This year in the World Press Photo Awards an honorable mention was awarded to Michael Wolf, a prior World Press award-winner from Germany. Wolf’s entry this year was for a series of photographs made of the screen of his computer as he explored Google’s Street View, a service in which automated cameras mounted on vehicles trawl the world to present the street in virtual space.
The debate over the award (as is often the case with World Press Photo) is interesting to read.
The criticisms ring with complaints that they are not his pictures, that it wasn’t him standing there slicing those moments from time, that he’s not out in the world struggling with the rest of us.
These criticisms are a bit navel-gazing in that they are mostly about how we define ourselves as photojournalists, not in how we define what photojournalism does. The boys at dvafoto have an excellent post on these points. You can see Wolf’s comments and thinking in an interview in the British Journal of Photography.
Photojournalism (and photography in general) has a long history of overvaluing process when the only thing that matters is the result. What really matters to the reader? The process or the picture? The complaints smell a bit of “you took the easy way out.” That’s not a legitimate argument.
I don’t specifically care that Wolf chose to use the automated, surveillant and serendipitous cameras of Google. I also would not care had he used screen grab software rather than a camera to make the pictures. Using the camera here just smells of a strange justification and trying to find a way to make himself the photographer. The result is the same as a cropped screen grab but with lower quality. And as others have pointed out, screen grabs from surveillance cameras or TV have been published alongside what we consider “real photojournalism” for a very long time. (A notable difference is that these sorts of images have not won photojournalism awards in the past that I know of. Correct me in comments if I’m wrong.)

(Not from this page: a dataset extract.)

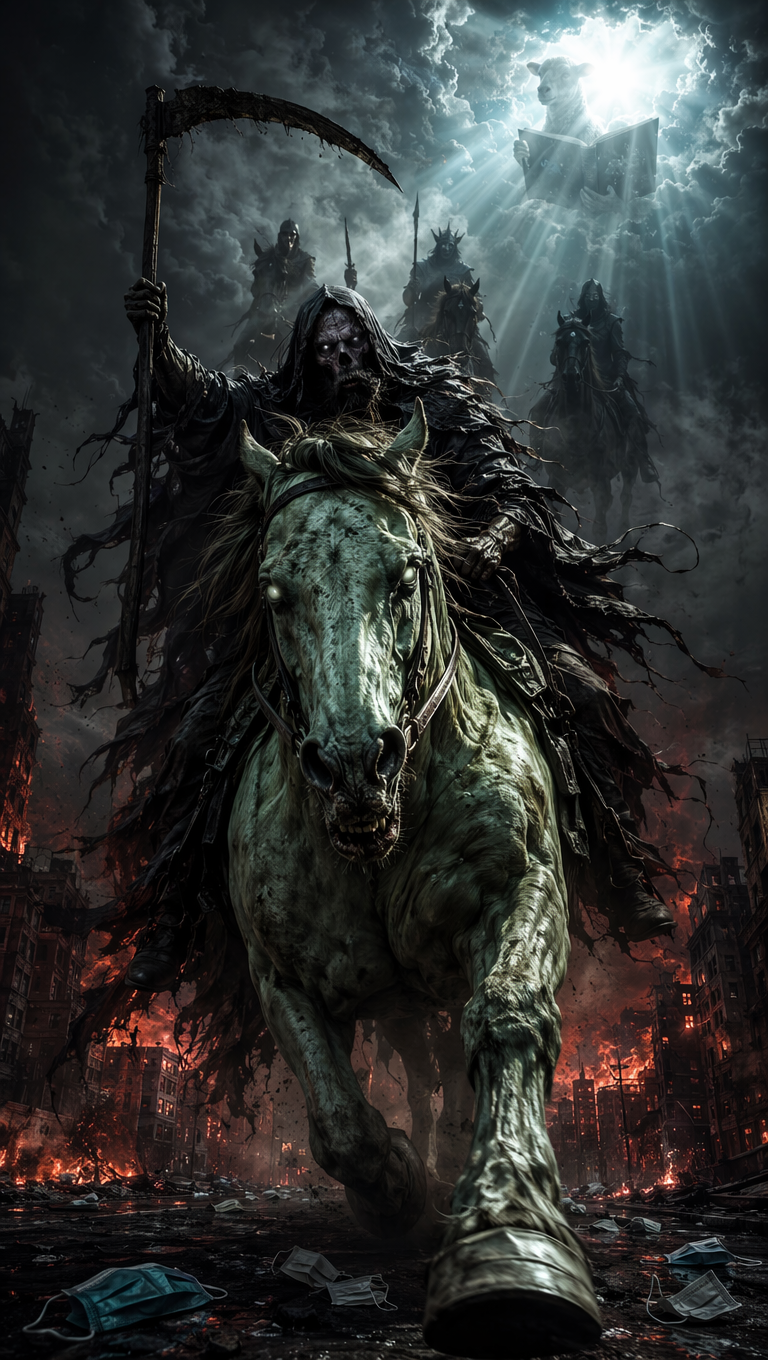 Cinematic vertical thumbnail for YouTube and TikTok, ultra-dramatic and emotionally charged, 9:16 aspect ratio. A terrifying Pale Horseman of Death on a gaunt pale-green horse charges straight at the viewer from a torn apocalyptic sky, low dramatic angle, horse's eyes and rider's hollow gaze looking directly into camera with terrifying intensity. Hooves almost breaking out of the frame. Behind him in dark smoke — faint silhouettes of the other three horsemen. Below, subtle modern city in chaos: burning buildings, empty streets, scattered medical masks on the ground, all in deep shadows. In the upper corner, a faint cold divine light breaks through the clouds revealing the silhouette of the Lamb holding an open book with broken seals. Extreme contrast between pitch-black foreground and icy heavenly glow. Moody cinematic lighting, volumetric god rays, heavy atmosphere of inevitable judgment. Dark color palette with blood-red and corpse-green accents. Powerful composition, strong focal point, ultra detailed, premium visual storytelling, high contrast, emotionally striking, thumbnail-optimized, no text, no generic AI look, masterpiece quality.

Wolf’s collection of images is fascinating, powerful, opinionated, curious and somewhat addictive. I like them very much. They are art as Girl Talk’s remixes or John Cage’s Chance Music are art. But they are not photojournalism. By presenting this work with a venerable photojournalism award, the World Press Photo jurors have declared them photojournalism, even when Wolf himself apparently does not.
My argument against these images as photojournalism is over the lack of context. As photojournalists we all know how critical it is not only to understand how an image we make or publish would be read, but also what the circumstances are surrounding those images so we can correctly inform the reader. We’ve all made photos sliced out of air that without context might mean something entirely different than the story we were there to tell. In our outtakes we all have images that might accidentally lie, and as photojournalists we have the responsibility to make sure those don’t see the light of day as journalism.
What is happening in these images? We can assume, but we cannot know. Wolf can assume, but he cannot know. He was not there to see the moment unfold and interpret its meaning. He could not follow up with the subjects to clarify what just happened.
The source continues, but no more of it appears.